The poems tell the story of a young man. He starts in the bedroom of his sweetheart but talks of leaving: “I came here a stranger, As a stranger I depart.” Why? Wanderlust. The need for chance and change. The irritating failure to feel at home. “Love loves to wander – God made it that way – From one to the other, My dearest, good night!” Without waking his lover he whispers these words in her ear before softly closing the door behind him and leaving in the dead of night for whatever wild, wintry world awaits.
The following twenty-three poems are all about this man’s solitary journey through the cold, unforgiving landscape. He walks past a weathervane, a linden tree, a stream, a signpost and an inn. The inn is full so he has to continue walking. He hears a post horn and a crow. He feels his tears freezing and his hair greying.
Finally, he meets another human being: a hurdy-gurdy man. His fingers are frozen, his begging bowl is empty and no one is listening, but the musician plays a tune nonetheless. The final stanza reads, “Strange old man, Shall I go with you? Will you play your organ To my songs?”

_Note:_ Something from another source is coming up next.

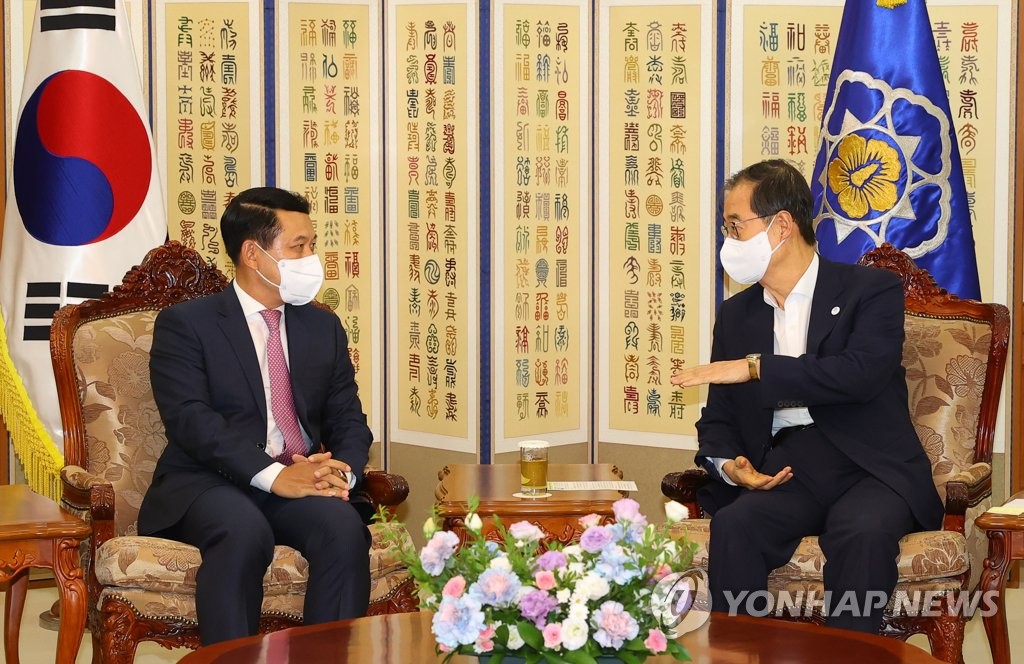 South Korean Prime Minister Han Duck-soo (R) meets Laotian Deputy Prime Minister Saleumxay Kommasith in Seoul on Sept. 5, 2022, in this photo released by the prime minister's office. (PHOTO NOT FOR SALE) (Yonhap)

Franz Schubert, a young composer living in Vienna and a contemporary of Müller, had already read a previous collection of the poet’s and set them to music: Die schöne Müllerin (The Fair Miller-Maid) was composed when Schubert was 26 years old. Also about a wanderer meditating on the nature of love and the love of nature, the moods of the songs vary from comic to tragic, joyful to mysterious, calm to thoroughly impassioned. The musical style was revolutionary, changing the direction of song forever.

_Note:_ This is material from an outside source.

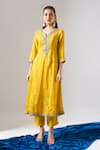 Samyukta Singhania_Yellow Tissue, Shantoon, Chiffon Embroidery, Mirrors, Zari, Shimmer Kurta Set _Online_at_Aza_Fashions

Four years later, Schubert was slowly dying of syphilis. Through his pain, while waiting for his own winter to pass into spring, he somehow managed to compose Winterreise. The music is altogether more sombre in character yet hauntingly beautiful. Indeed, mezzo-soprano Elena Gerhardt said, “You have to be haunted by this cycle to be able to sing it.”

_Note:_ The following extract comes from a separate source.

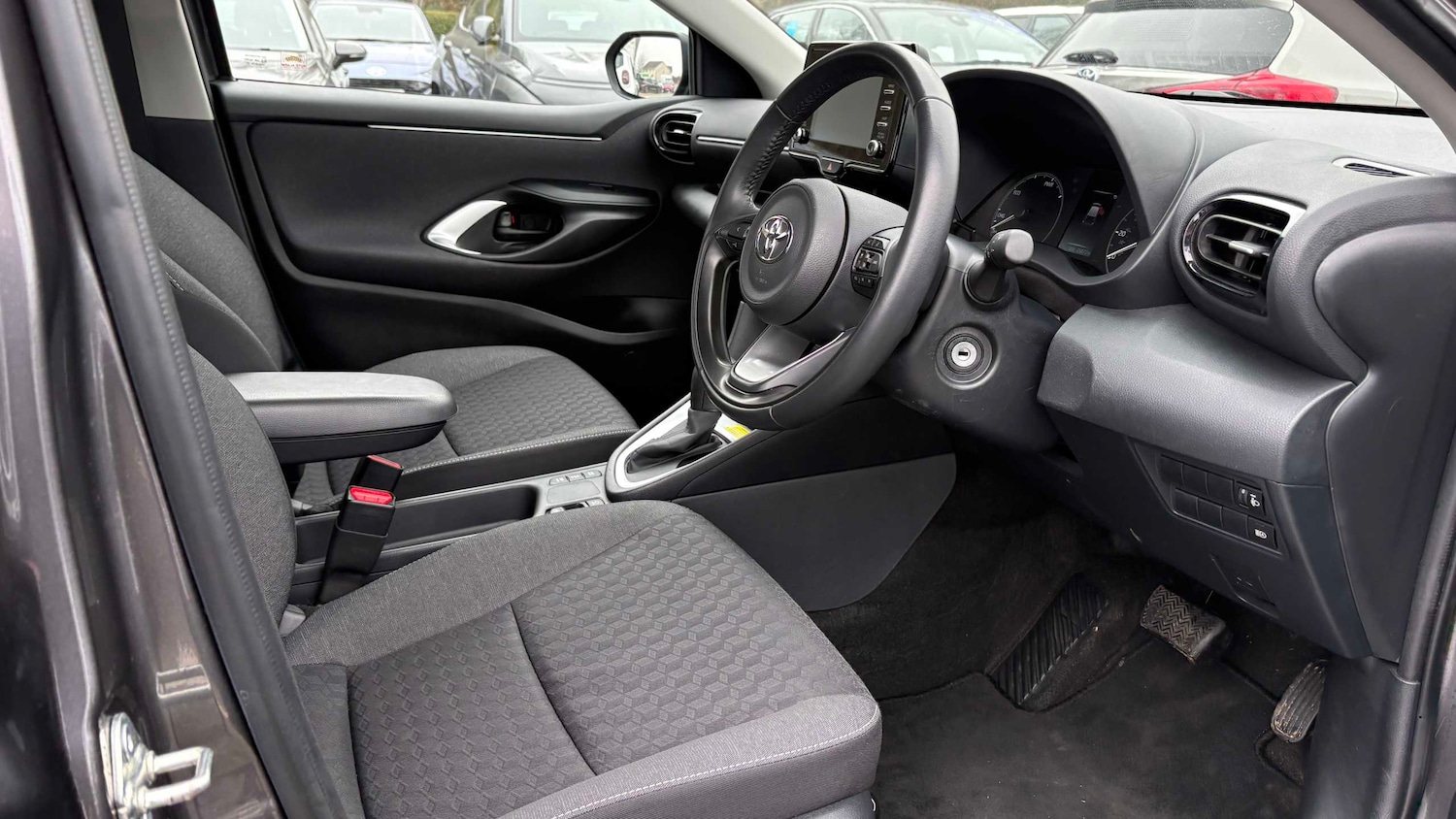 Used Toyota Yaris 2023 for sale - 77972613: Photo 11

A year later, and while still editing Winterreise for publication, Schubert died. Yet nearly two-hundred years later his legacy and that of his last great work endures. It’s frequently performed and recorded all around the world. It’s a centrepiece in the history of music. And for singers, wanderers and lovers alike, it has a special place in our hearts.
To start your own winter journey, try Ian Bostridge’s 2004 recording on EMI Classics with piano accompaniment by Leif Ove Andsnes. Bostridge has also recently authored a book, Schubert’s Winter Journey: Anatomy of an Obsession, which delves into the song-cycle and his own personal reflections to give an insight into Schubert’s world and mind.